Four days a week I try to go for a walk in the morning. My route takes me around my neighbourhood and sometimes into nearby neighbourhoods and downtown. I am always surprised to see the number of houses for sale and the rapidity with which they are sold. Recently in Worth Reading I've shared a couple of articles about the housing market, including the banks' roles in inflating prices.

As much as it would nice to blame our hot housing market on the banks I think it is a far more complex picture with many contributing factors. Housing prices in the Greater Toronto Area, and perhaps the Greater Toronto-Hamilton Area have been on a steady increase now for decades. Things are hardly uniform across this vast region. Housing prices in Thorold are not growing at the same pace of inner Toronto, but they are all related.

I first started to notice the housing prices spiking around the time of the American financial crisis in 2007-2008. With the global economy in a tailspin Canada became a safe investment spot. As a safe harbour money poured into the Canadian economy, especially in the real estate sector. Foreign investors, like Canadians, are eager to pitch their savings into real estate investments. This ranges from maintaining and fixing up a house to improve its worth, or buying the house in the first place, or speculating in the market. For a huge proportion of Canadians use their homes as their retirement funds and nest eggs. Distortions in the housing market therefore has a tremendous impact on our economy and lives.

I've spent a lot of time wondering if we are in a housing bubble.
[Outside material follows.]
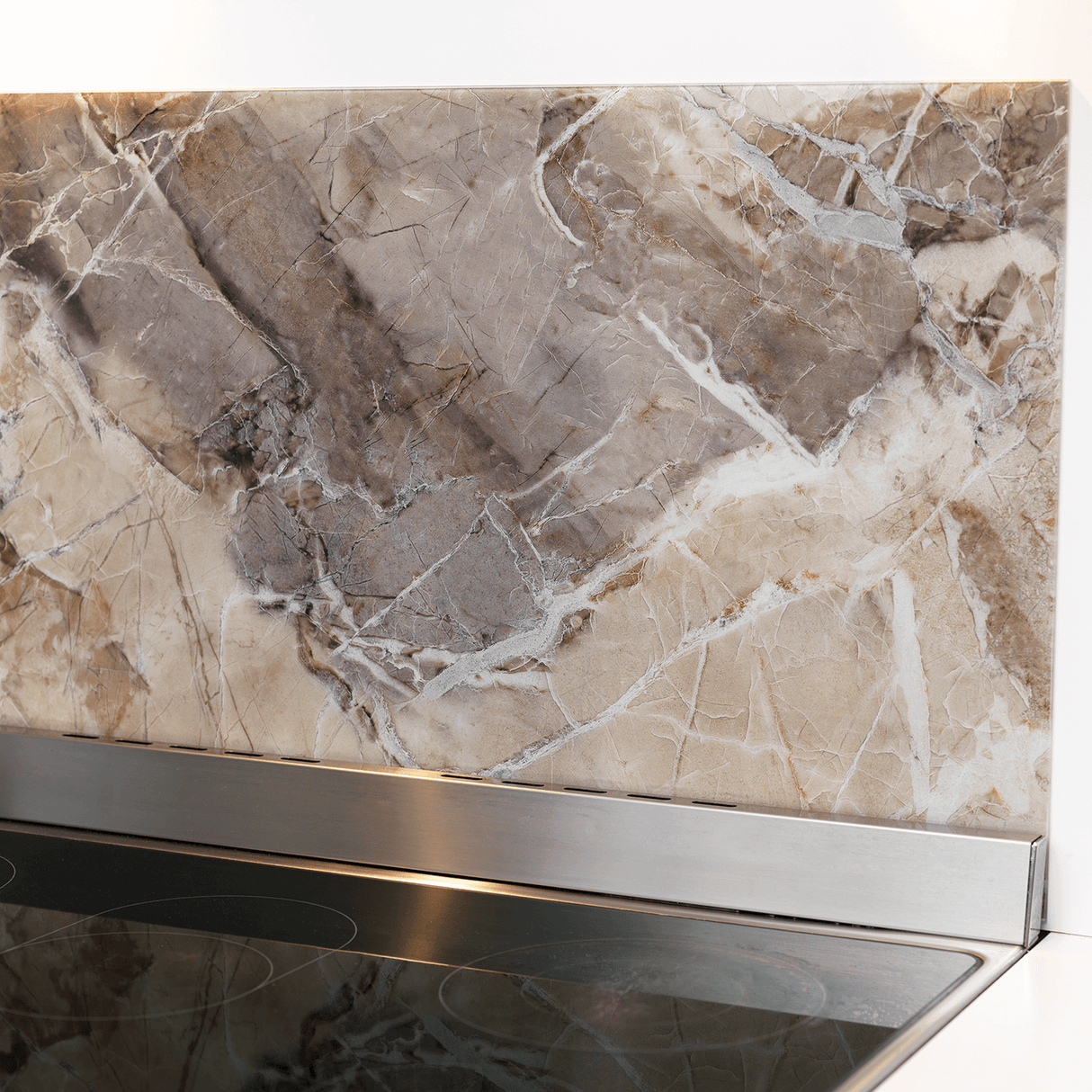 Naga A/S 100 x 50 cm. Beige Marmor Magnetisk Stænkplade – Stænkplader (billede 3)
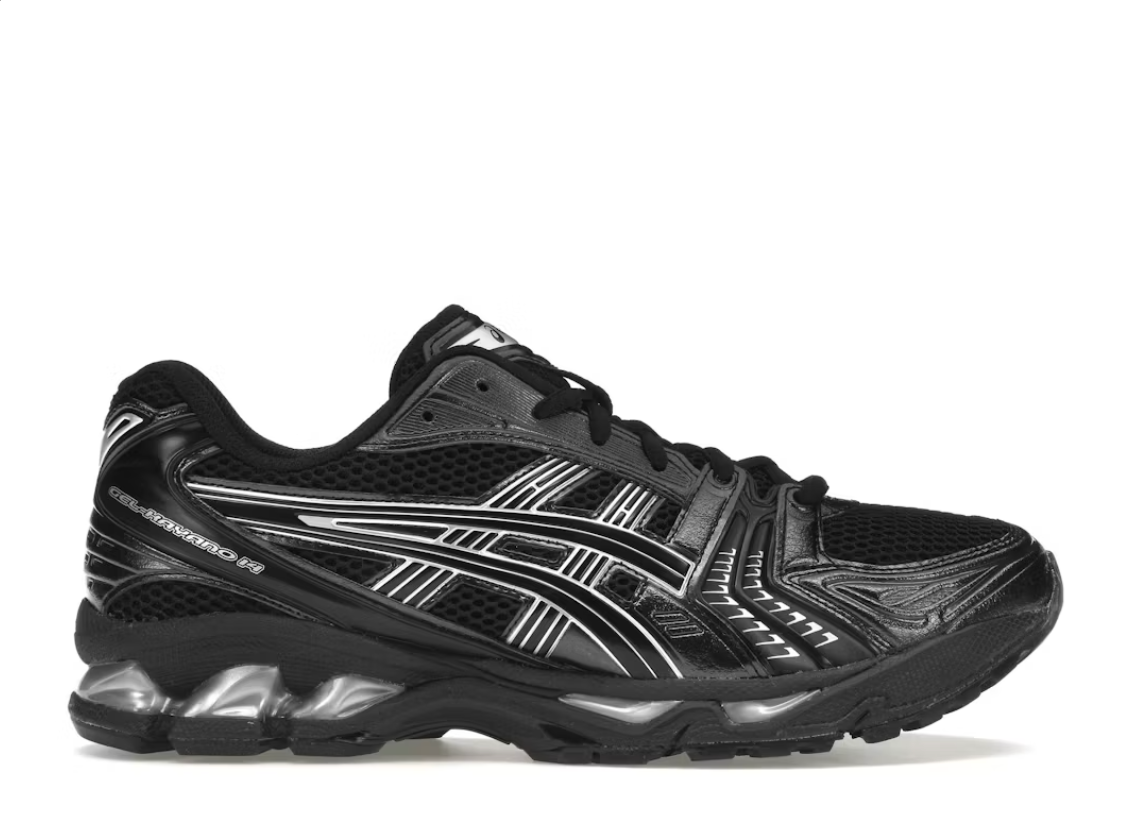 Asics Gel-Kayano 14 Black Pure Silver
Lately I have come to the conclusion that we are not in a bubble, but a hot market under a lot of pressure. Some of this comes natural supply and demand issues. The GTHA adds, if I recall correctly, 200000 new residents every year. That's a new Brampton every three years, a new Toronto every ten. This creates a tremendous amount of demand on the market. There are thousands of people across the GTHA interested in acquiring a home and coupled with the investment opportunity real estate presents in this region the demand remains high.

On the other side is supply. Much of the cheap land has already been gobbled up by real estate development. In the next couple of years Brampton will build its last house, Mississauga is essentially fully developed at this stage. York Region is straining to keep pace with the development. Legislation such as the Green Belt and development restrictions is hindering growth in other places but the simple truth is the GTHA is likely falling well short of the demand in housing, especially where it is demanded. The city of Toronto must extensively rezone the city to encourage mixed medium development, but encounters significant resistance. It is a time consuming process. Add in the time for planning, financing and construction and it is easy to see why supply is constrained.

Supply is also constrained due to the foolish decisions made by suburban governments decades previous. Some areas of the GTHA are difficult to redevelop and increase density, even if zoning permitted it. The street grid and neighbourhood configuration would have to be completely changed to accommodate medium or high density.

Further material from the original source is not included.